# Wo Silbererz farmen



## Ascia (27. April 2008)

Hallo ich hab neulich ein Magiertwink angefangen und liege leiter im Bergbau ein bisschen im Rückstand.
Ich bin nun level 30 und geh ins Schlingendorntal aber leider musste ich feststellen, dass da sehr viel Eisenvorkommen sind, welche ich aber erst mit lvl 125 farmen kann.
Ich bin leider erst auf skill 105 (*schäm*)
Also dachte ich mir, dass ich mir ein Stack silbererz kaufe und das zu Silberbarren verarbeitet und schon bin ich auf skill 125.
Leider musste ich feststellen, dass auf meinem Server absolute Wucherpreise herschen. zum Beispiel kosten 5 Silbererz 15g und das Silbererz kostet insgesamt mehr als ECHTsilbererz.
Und das will ich nicht auf den Tisch legen  


			Dieser Inhalt steht nur eingeloggten Mitgliedern zur Verfügung.
        

 
Also hoffe ich auf eure Hilfe was für Erfahrungen ihr gemacht habt wo man sehr gut Silbererz farmen kann.
Vllt ein Abstecher ins Arathihochland? oder muss ich nach Kalimdor?
Wäre sehr schön wenn ihr mir sagt in welches Gebiet ich muss und welche Höhlen ich besuchen muss (Koordinaten?), weil in Höhlen gibts natürlich am meisten Erze.
Wäre sehr nett wenn ihr mal schnell in Gatherer schauen könnt oder Cartographer oder was ihr auch habt.
Vielen Dank ich vorraus und bitte keine Flames.
MfG Ascia


----------



## Dagonzo (27. April 2008)

Ascia schrieb:


> Also hoffe ich auf eure Hilfe was für Erfahrungen ihr gemacht habt wo man sehr gut Silbererz farmen kann.

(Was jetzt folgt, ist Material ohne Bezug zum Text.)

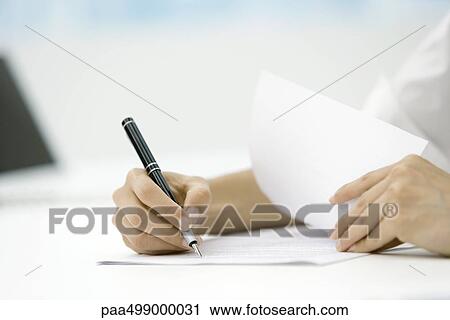 Person signing document with pen, cropped view of hands View Large Photo Image Stock Image - Person signing document with pen, cropped view of hands. Fotosearch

Silbererz kann man nicht einfach so farmen, da es Random ist. Es gibt also keine festen Stellen. Am besten ist es aber in Gebieten zu finden wo die Mobs so ca. 20-40 sind. Vorzugsweise in Höhlen.


----------



## Tirkari (28. April 2008)

Ich würd Zinnerz abbauen empfehlen zum Skillen.
Dauert zwar leider ein bißchen, weil das ja auch grün ist, dafür findet man es aber zB in Tausend Nadeln mehr als genug (und ab und zu auch Silber)


----------



## Magerockz (1. Mai 2008)

also um mal ganz erlich zu sein ich hab in ganz tausend nadeln kein silbererz gefunden :/


----------



## Tirkari (2. Mai 2008)

Dann hattest du einfach Pech.
(gerade keine Spawns von Silber oder andere waren immer schneller als du)
Silbererz ist selten, steht also nicht immer da, kann aber theoretisch überall da auftauchen, wo man auch Zinn findet (und das gibts in Tausend Nadeln ne ganze Menge)


----------



## Link02 (6. Mai 2008)

Desweiteren ist beim eingang zu HDW ein Vorkommen welches oft nachts noch vorhanden ist ( jedenfals bei uns auf dem server ) lohnt sich also da immer ma vorbei zu schauen 


			Dieser Inhalt steht nur eingeloggten Mitgliedern zur Verfügung.


----------



## lumatu95 (18. Juni 2008)

ich würd im rotkammgebirge zinnerz farmen da ist auch vereinzelt silberrez


----------



## Alucard_187 (28. Juni 2008)

HY! Schönes Forum...

Ich war gestern und heute auch grad am Silbererz farmen ich hab dafür auch den PC Games Reiseführer, der auch die potenziellen spawnpoints anzeigt, zu rate gezogen! Aber nichts... nirgends an den angezeigten stellen war welches zu finden! Doch der hier im Forum gestellte Bergbauhilfe Thread macht eigentlich alles richtig. Man muss für silbererz vor allem in Höhlen farmen denke ich!


----------



## Davleex (7. Dezember 2012)

Auch wenn das Thema schon etwas veraltet ist möchte ich trotzdem meinen Senf noch dazugeben: Eigentlich habe ich gegooglet: Silbererz farmen World of Warcraft
Schade, dass diese Erze nur Random sind. Ich habe aber solches öfter in den Sumpfländern gesehen. Auch in dem Arathihochland habe ich welche entdeckt.


----------